* **EXERCISE PROMPT**: From the line that contains "Avocado Maki (6 pcs) 牛油果卷" to the last line of the records below, retype each line exactly; leave out everything else.

* **DATA**:
══════

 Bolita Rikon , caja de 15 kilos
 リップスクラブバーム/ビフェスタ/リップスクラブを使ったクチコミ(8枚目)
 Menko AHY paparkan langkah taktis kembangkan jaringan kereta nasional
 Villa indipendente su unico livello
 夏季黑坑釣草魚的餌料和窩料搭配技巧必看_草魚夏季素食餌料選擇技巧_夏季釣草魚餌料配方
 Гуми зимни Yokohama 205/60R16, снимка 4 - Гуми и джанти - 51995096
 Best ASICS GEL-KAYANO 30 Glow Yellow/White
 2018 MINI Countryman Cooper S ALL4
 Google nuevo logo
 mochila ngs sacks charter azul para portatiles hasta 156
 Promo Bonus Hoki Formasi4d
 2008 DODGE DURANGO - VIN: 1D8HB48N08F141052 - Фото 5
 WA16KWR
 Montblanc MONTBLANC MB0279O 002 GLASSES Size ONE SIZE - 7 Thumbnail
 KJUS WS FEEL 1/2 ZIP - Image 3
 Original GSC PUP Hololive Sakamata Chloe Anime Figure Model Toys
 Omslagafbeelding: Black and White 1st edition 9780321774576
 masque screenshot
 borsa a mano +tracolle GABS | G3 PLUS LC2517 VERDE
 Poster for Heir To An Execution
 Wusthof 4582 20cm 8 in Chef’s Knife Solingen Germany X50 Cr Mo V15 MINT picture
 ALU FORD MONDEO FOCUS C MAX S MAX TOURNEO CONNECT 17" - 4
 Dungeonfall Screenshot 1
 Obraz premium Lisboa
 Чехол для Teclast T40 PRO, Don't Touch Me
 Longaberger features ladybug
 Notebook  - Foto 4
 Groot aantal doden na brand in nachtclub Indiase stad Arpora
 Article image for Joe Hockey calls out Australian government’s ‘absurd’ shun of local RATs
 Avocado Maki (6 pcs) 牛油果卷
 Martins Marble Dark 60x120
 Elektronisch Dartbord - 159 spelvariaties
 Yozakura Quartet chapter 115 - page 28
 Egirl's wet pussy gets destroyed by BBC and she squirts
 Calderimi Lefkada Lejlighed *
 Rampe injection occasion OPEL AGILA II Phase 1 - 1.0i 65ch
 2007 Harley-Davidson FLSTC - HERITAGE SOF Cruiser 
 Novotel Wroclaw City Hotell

══════

* **EXERCISE RESULT**:
 Avocado Maki (6 pcs) 牛油果卷
 Martins Marble Dark 60x120
 Elektronisch Dartbord - 159 spelvariaties
 Yozakura Quartet chapter 115 - page 28
 Egirl's wet pussy gets destroyed by BBC and she squirts
 Calderimi Lefkada Lejlighed *
 Rampe injection occasion OPEL AGILA II Phase 1 - 1.0i 65ch
 2007 Harley-Davidson FLSTC - HERITAGE SOF Cruiser 
 Novotel Wroclaw City Hotell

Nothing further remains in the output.